*** Opening EXERCISE DATA ***
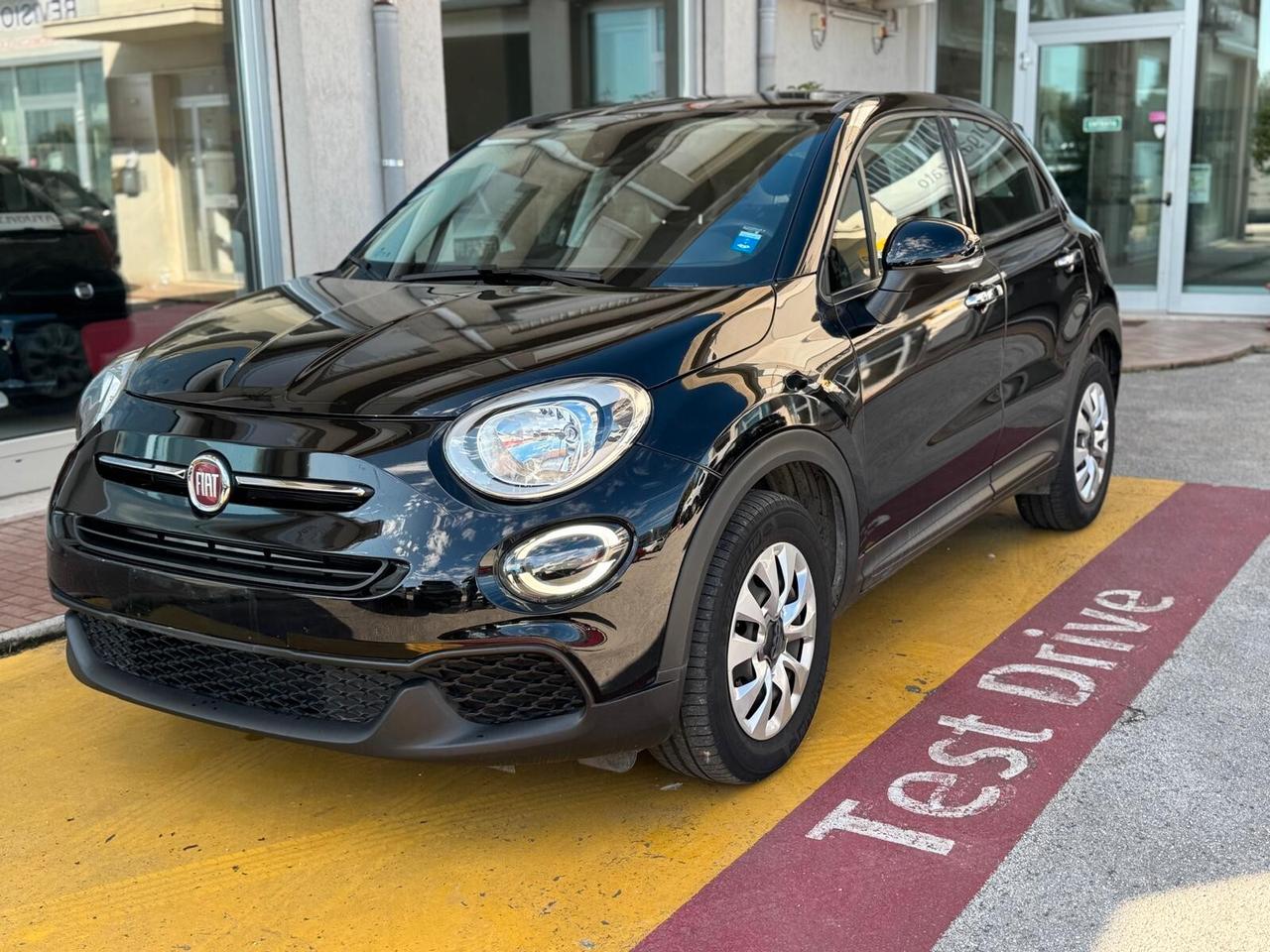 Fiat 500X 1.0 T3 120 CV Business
*** Closing EXERCISE DATA ***
*** Opening EXERCISE DATA ***
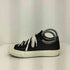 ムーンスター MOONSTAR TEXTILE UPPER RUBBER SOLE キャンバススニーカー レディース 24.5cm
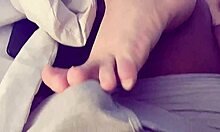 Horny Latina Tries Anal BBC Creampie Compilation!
*** Closing EXERCISE DATA ***
• _WHAT IS EXPECTED_: A verbatim reproduction is expected: starting at the line above that has "ムーンスター MOONSTAR TEXTILE", ending at the line that has "Horny Latina Tries", both included, and with no pictures and no other lines.

• _RESULT OF THIS TASK_:
 ムーンスター MOONSTAR TEXTILE UPPER RUBBER SOLE キャンバススニーカー レディース 24.5cm
 Horny Latina Tries Anal BBC Creampie Compilation!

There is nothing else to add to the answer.